Original layout by Transkribus (left); layout produced by our two custom models (right).
Our custom layout models were trained to create one region for the marginalia on the left and one region for the certificate itself on the right. The baseline model was trained to create full horizontal lines of text. This prevented incorrect sentence order and avoided marginalia baselines continuing into the certificate body.
Our HTR model achieved an average Character Error Rate of 5%. Unfortunately, names were much harder to read, with a CER of 16%, which means that at least one-third of all names contained a spelling error. That is problematic when linking people across different databases.

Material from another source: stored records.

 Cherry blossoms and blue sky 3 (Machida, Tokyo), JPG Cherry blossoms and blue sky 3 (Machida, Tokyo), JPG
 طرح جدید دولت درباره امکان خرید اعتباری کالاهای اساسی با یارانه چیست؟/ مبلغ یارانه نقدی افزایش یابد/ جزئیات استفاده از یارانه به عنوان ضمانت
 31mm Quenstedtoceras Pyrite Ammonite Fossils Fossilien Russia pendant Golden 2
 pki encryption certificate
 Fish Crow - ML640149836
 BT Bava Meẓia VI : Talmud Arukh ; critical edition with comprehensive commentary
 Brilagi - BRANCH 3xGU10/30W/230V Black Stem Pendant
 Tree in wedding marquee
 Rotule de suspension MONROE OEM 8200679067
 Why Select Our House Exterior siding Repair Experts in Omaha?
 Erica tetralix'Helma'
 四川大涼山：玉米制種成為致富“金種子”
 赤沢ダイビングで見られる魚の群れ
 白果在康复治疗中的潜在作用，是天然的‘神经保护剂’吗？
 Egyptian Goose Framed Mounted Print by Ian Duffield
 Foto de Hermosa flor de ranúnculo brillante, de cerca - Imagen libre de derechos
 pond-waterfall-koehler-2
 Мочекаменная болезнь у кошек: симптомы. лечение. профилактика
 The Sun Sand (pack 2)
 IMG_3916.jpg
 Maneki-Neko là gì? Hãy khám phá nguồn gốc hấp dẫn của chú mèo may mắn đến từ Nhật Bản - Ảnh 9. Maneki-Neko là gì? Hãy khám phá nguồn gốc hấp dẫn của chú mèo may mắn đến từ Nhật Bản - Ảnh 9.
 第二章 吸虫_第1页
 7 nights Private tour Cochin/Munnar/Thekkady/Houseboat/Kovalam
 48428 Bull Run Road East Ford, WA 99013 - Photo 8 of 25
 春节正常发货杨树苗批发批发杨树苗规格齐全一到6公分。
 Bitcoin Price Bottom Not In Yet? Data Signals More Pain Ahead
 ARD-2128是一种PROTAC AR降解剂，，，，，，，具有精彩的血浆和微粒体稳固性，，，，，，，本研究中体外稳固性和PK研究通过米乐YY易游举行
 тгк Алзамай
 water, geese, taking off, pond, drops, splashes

In the image above, the HTR model returned “Martha Seratina” instead of the correct “Martha Serafina”. We also observed disagreements between citizen scientists when transcribing difficult names.
We concluded the thesis with recommendations for integrating the HTR+RegEx model into citizen science workflows. At the time, the HTR quality was not high enough for fully independent use. A more realistic approach was a collaboration between model output and volunteer effort, for example by asking volunteers to revise pre-filled entities or to focus review on certificates where model output differed from human output.
Continuation
In the HANDS-RX project, we improved and scaled this work to 24,000 Curaçaoan death certificates. In the end, we chose GPT for entity extraction because it was more robust to HTR spelling errors than static regular expressions.